== Material for this task ==
+ + + + +
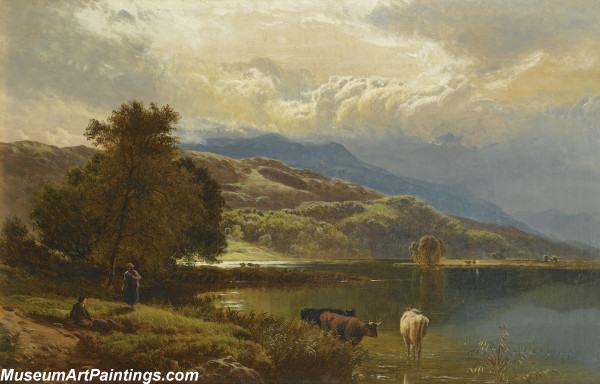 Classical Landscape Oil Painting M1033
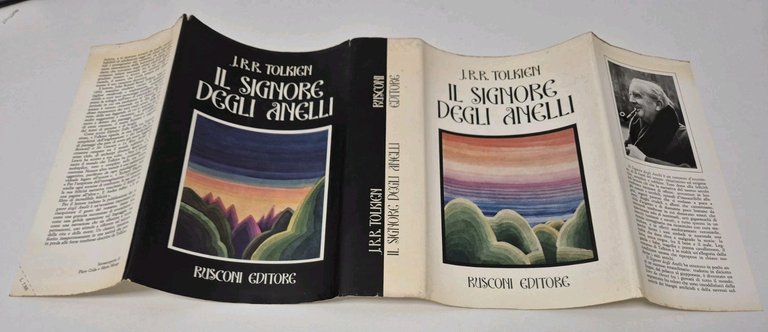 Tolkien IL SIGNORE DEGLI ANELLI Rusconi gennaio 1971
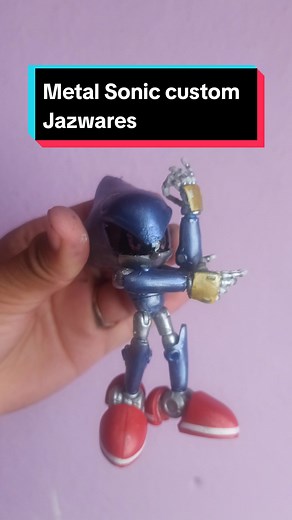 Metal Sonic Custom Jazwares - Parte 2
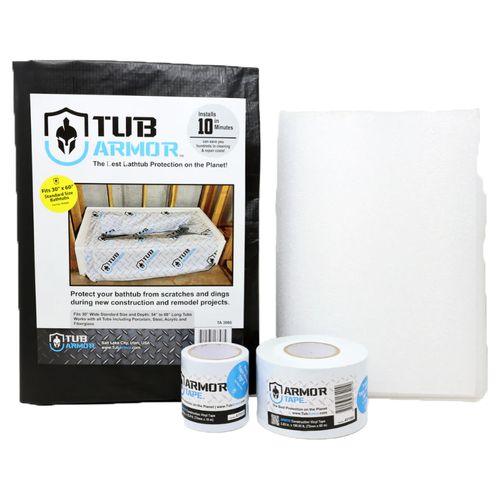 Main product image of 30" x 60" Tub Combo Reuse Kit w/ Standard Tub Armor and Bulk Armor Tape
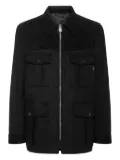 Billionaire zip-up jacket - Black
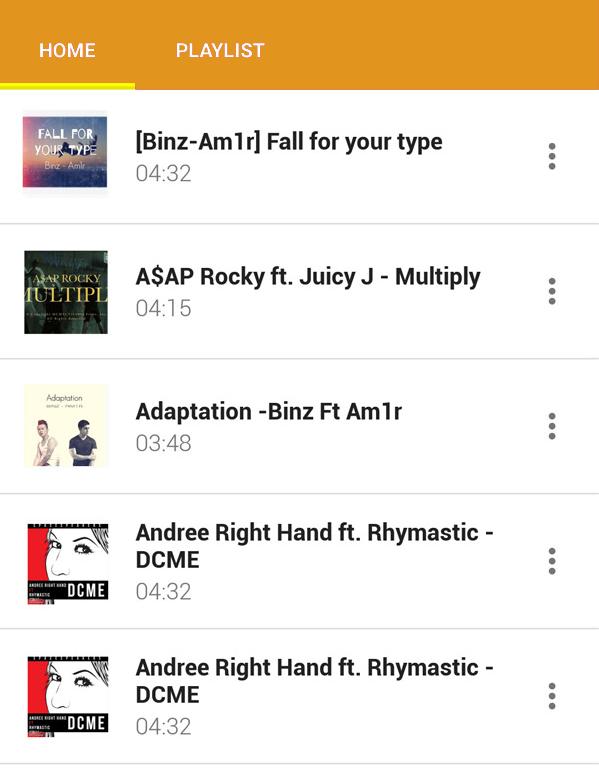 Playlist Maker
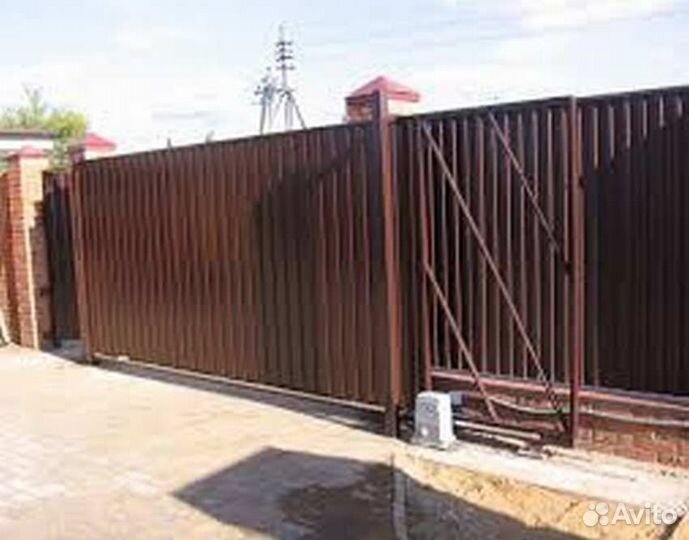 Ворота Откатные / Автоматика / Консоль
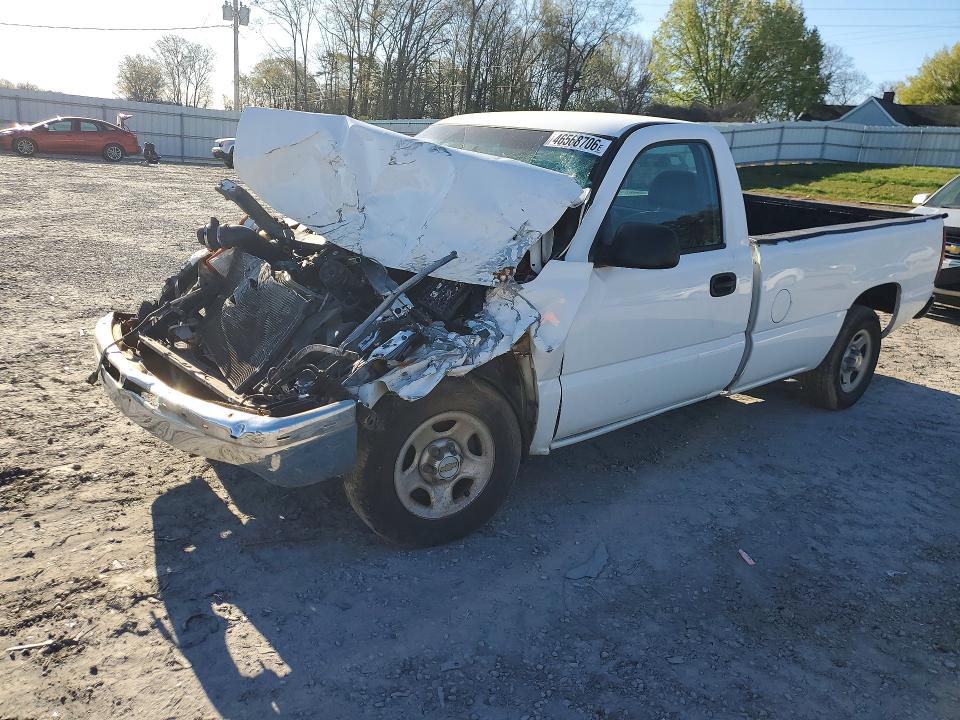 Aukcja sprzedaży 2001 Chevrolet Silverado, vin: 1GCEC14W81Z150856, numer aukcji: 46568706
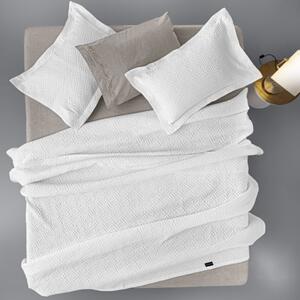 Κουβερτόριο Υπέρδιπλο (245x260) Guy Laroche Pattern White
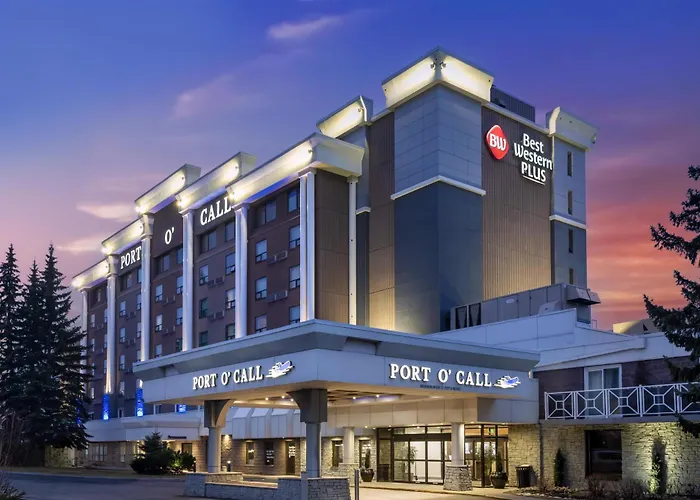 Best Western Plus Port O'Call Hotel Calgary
+ + + + +
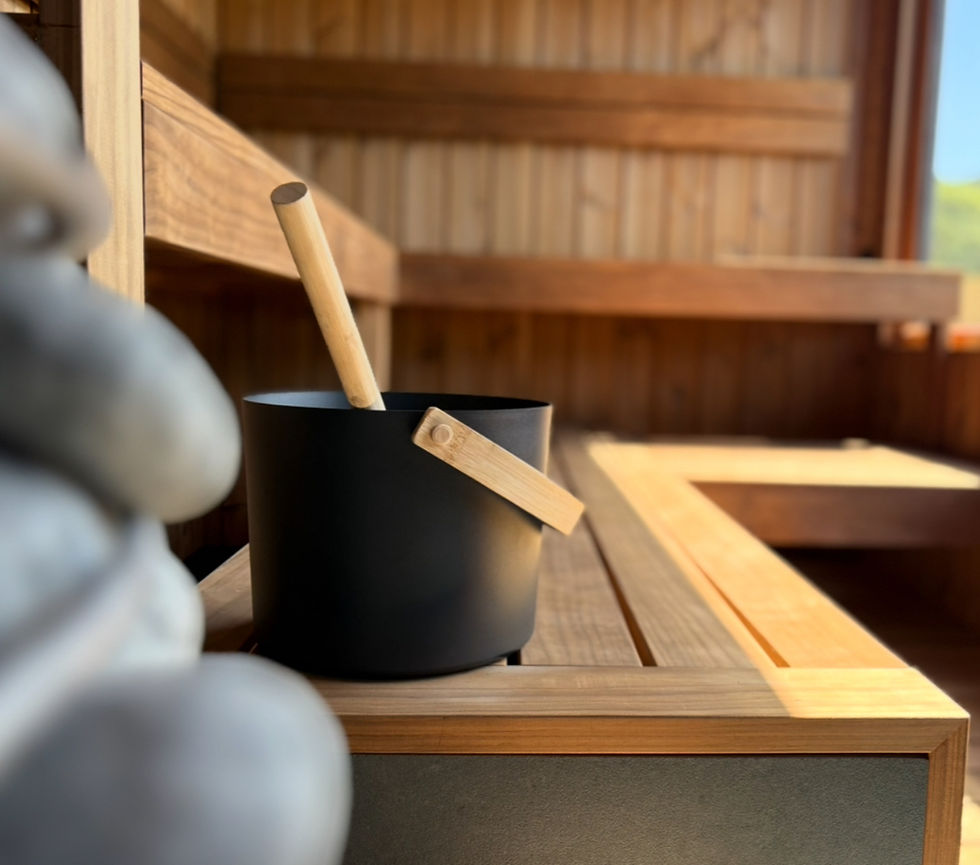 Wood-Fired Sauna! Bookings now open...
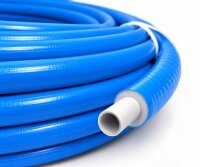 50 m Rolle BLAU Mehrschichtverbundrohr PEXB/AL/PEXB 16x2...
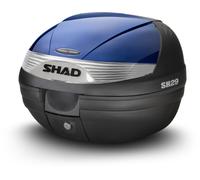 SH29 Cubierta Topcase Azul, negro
+ + + + +
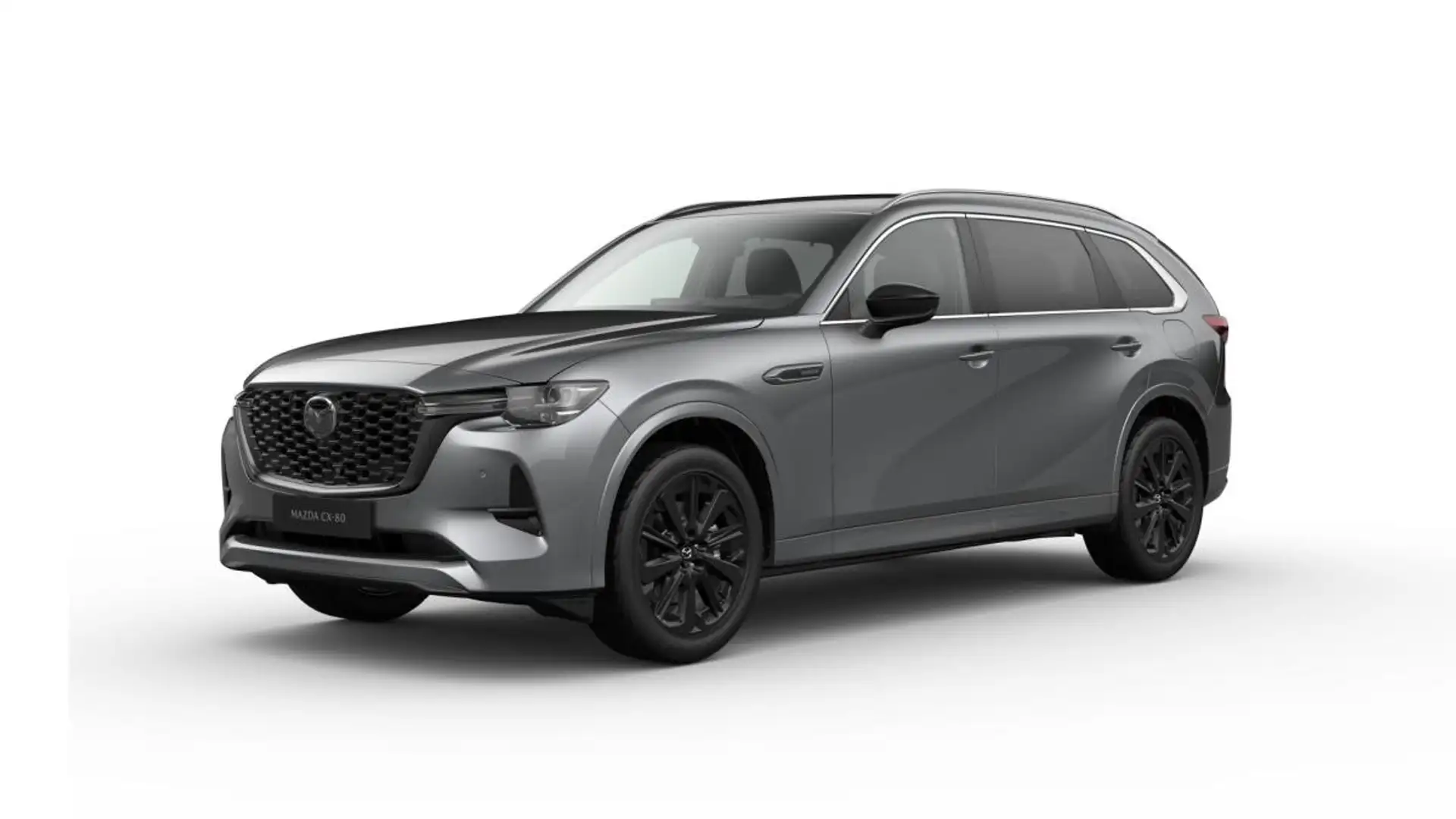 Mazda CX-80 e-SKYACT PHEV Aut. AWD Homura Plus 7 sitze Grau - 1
+ + + + +
In the data above, start at the line holding "Metal Sonic Custom Jazwares - Parte 2" and stop after the line holding "Best Western Plus Port O'Call Hotel Calgary"; write out those lines exactly, without pictures.

 Metal Sonic Custom Jazwares - Parte 2
 Main product image of 30" x 60" Tub Combo Reuse Kit w/ Standard Tub Armor and Bulk Armor Tape
 Billionaire zip-up jacket - Black
 Playlist Maker
 Ворота Откатные / Автоматика / Консоль
 Aukcja sprzedaży 2001 Chevrolet Silverado, vin: 1GCEC14W81Z150856, numer aukcji: 46568706
 Κουβερτόριο Υπέρδιπλο (245x260) Guy Laroche Pattern White
 Best Western Plus Port O'Call Hotel Calgary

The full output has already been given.